何故興味が湧かないかを整理してみました。

①土地は仲介で多少安く仕入れることが出来たとしても、少なくとも建物費用については建築会社の利益が乗っている。(中古と違って、その分割高となる)

②中古と違って価格の歪みが小さい。(今後アパート経営が成り立つような相応の立地で土地を相場より3割安く仕入れる、建築費を相場より3割安くしてもらうということが現実的ではない)

③特に土地から新築であれば、家賃回収開始までのタイムラグが長い。(また余計な金利負担も発生する)

④建築業者の倒産リスクを抱えてしまう。

⑤少なくとも建てた(新規供給した)戸数分は、需給を悪化させてしまう。

⑥利回りを確保するために基本的には1R・1Kになるが、新築・築浅物件に住みたがる単身者(学生や20~30代の会社員など)は今後ますます減少する見込みである。(今後増加する外国人や単身高齢者は、新築アパートへの入居希望割合は少ない)

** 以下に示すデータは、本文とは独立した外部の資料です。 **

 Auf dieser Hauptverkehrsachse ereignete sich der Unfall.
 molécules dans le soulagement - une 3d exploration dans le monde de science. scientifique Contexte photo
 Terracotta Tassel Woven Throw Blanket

⑦ライバルとなる新築物件は、今後も近隣に供給される可能性が極めて高い。(中古物件であれば、既に存在する近隣の築浅~中古物件がライバルとなるため、新築の供給増加の影響は軽微である)

⑧インフレが起こりにくい現在の日本においては、一部のエリアを除き物件の家賃は年々減少傾向であることに加えて、中古物件と違って経年劣化による家賃下落幅が大きい。

⑨物件契約~竣工~売却までの期間が長く、大きく儲かるか損するかは市況に委ねられる要素が大きい。(個人的には、市況が悪くなっても持ち続け良くなったタイミングで売却すれば良いという考え方には賛同出来ず「時価<残債」となる状況には耐えられません・・・。下手したら竣工した時点で既に土地価格が下落している可能性もあります。)

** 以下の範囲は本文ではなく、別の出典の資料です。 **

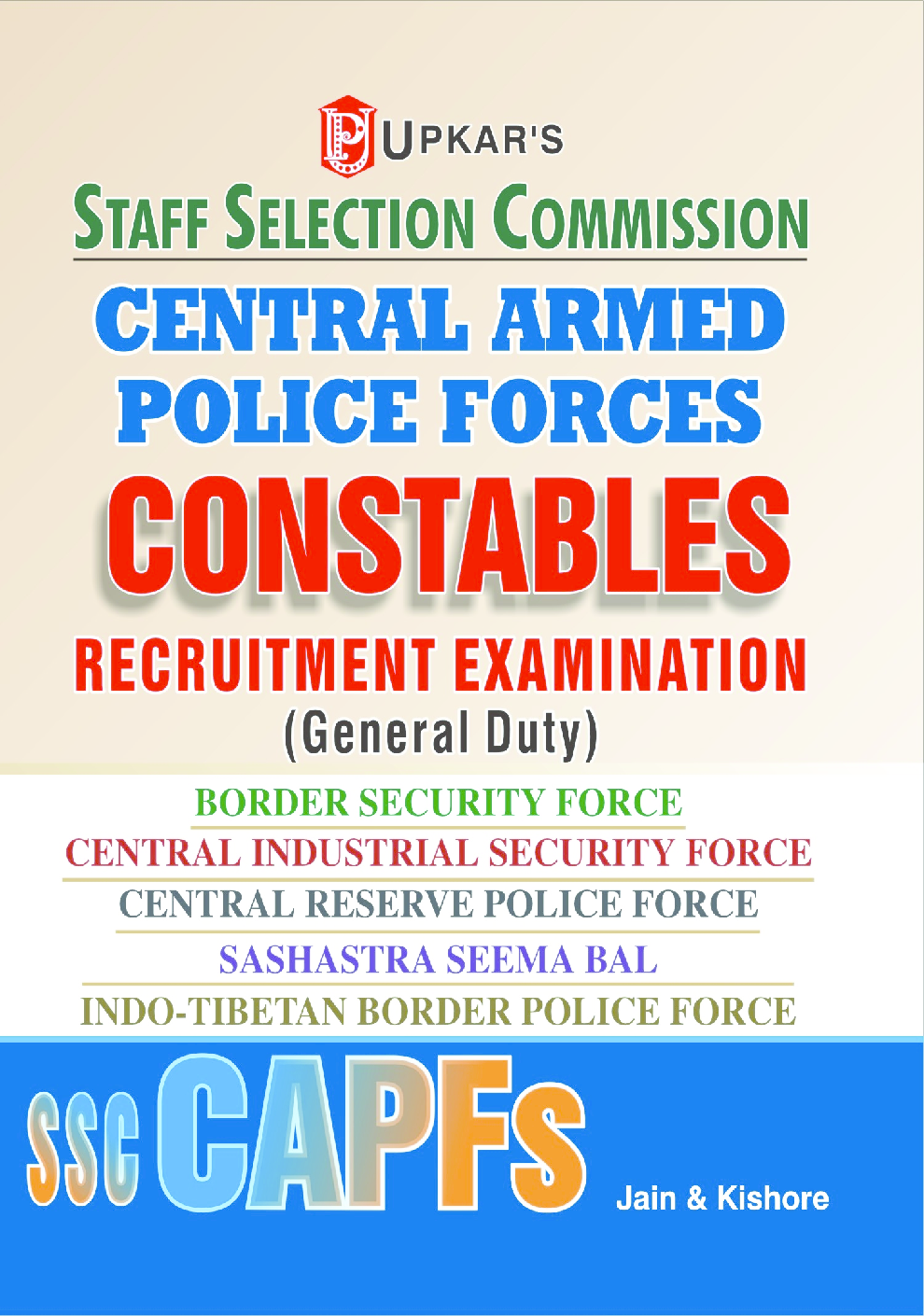 Staff Selection Commission Central Armed Police Forces Constables Recruitment Exams - Page 1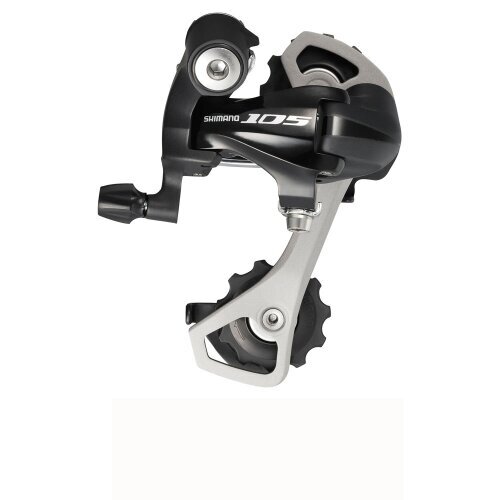 Tagumine käiguvahetaja Shimano 105 RD-5701 10-speed black-GS цена и информация | Muud jalgratta varuosad | kaup24.ee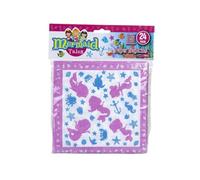Pms Mermaid Design 2 Ply Disposable Napkins 33Cm X 33Cm, 1 Pack Of 24 Napkins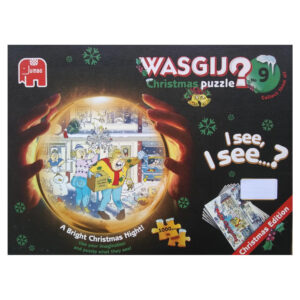 Wasgij Christmas Puzzle No 9 A Bright Christmas Night 1000 pieces jigsaw box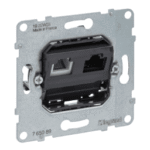 LEGRAND 765089 SEANO Einsatz Datendose RJ11+RJ45 Kat. 6 UTP  Verpackungseinheit:1ST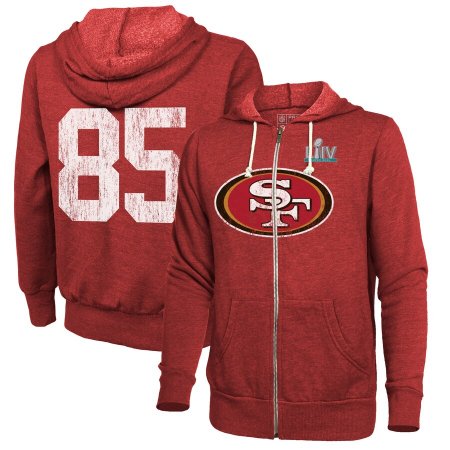 San Francisco 49ers - George Kittle Super Bowl LIV Full-Zip NFL Mikina s kapucňou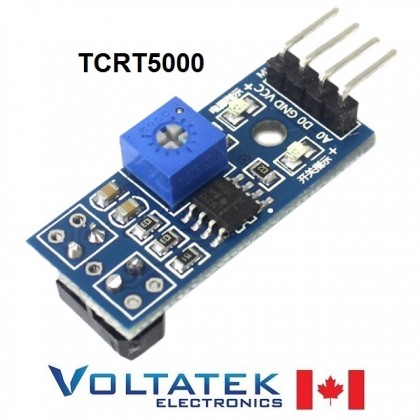 TCRT5000 Reflective Optical Sensor Infrared IR module front
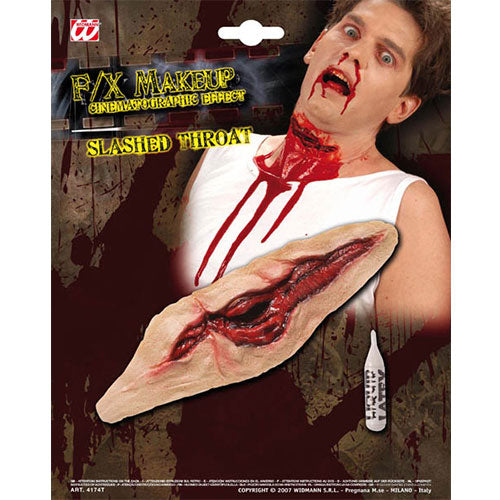 Theatrical slit throat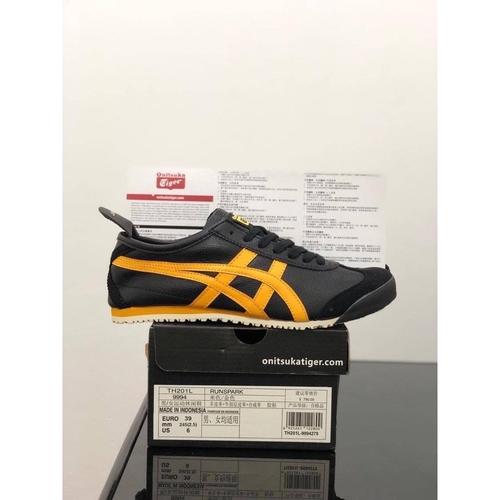 onitsuka tiger black orange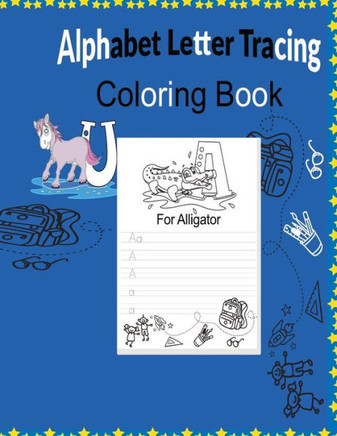 Alphabet Letter Tracing Coloring Book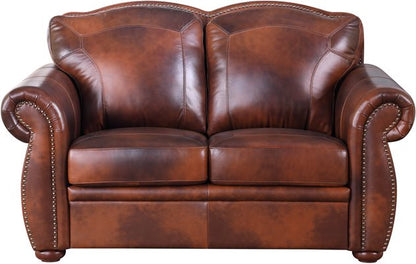 Arizona Loveseat in Marco Brown leather by Leather Italia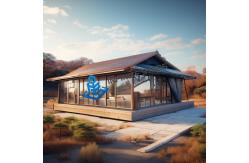 China Beautiful Camping Prefabricated Steel Structure House Customized Convenient Installation supplier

⑩建物部分に対して、10%の消費税が掛かる。(中古の仲介であれば、仲介手数料に対する消費税だけで済む)

⑪大きく積算割れすることが一般的である。(規模拡大させにくい)

⑫今は消費税還付が受けられない。

 

直近は、都内を中心に土地の価格、建物の建築費とも高騰しておりますが、その分家賃が上がっている訳ではありません。

また将来の金利低下による物件価格(相場)の上昇や、借り換えによるキャッシュフローの改善といった、外的要因の恩恵を受けられる可能性も極めて限定的で、もはや伸びしろがありません。

サラリーマン投資家の9割程度は、私も含めてここ10年以内に不動産投資を開始していると思われ、物件価格(相場)の下落や金利の上昇を経験しておらず、持ち続ければインカムゲインとキャピタルゲインの両方が狙えると信じている人も多いと思います。

30年前後でローンを組めばキャッシュフローが出るのは当たり前であり、儲かった気になっていても将来売却しようとしたら、市況悪化や金利上昇、経年劣化に伴う家賃下落(利回り低下)で物件価格が大きく下落(キャップレートは上昇)していて、売却価格で残債が精算出来なくなる可能性もあります。

新築特有のメリットも少なからずありますが、「融資が組みやすい」「キャッシュフローが(最初は)出る」からと言って、安易に大きな借入れはせず、よーく吟味して購入すべきですね。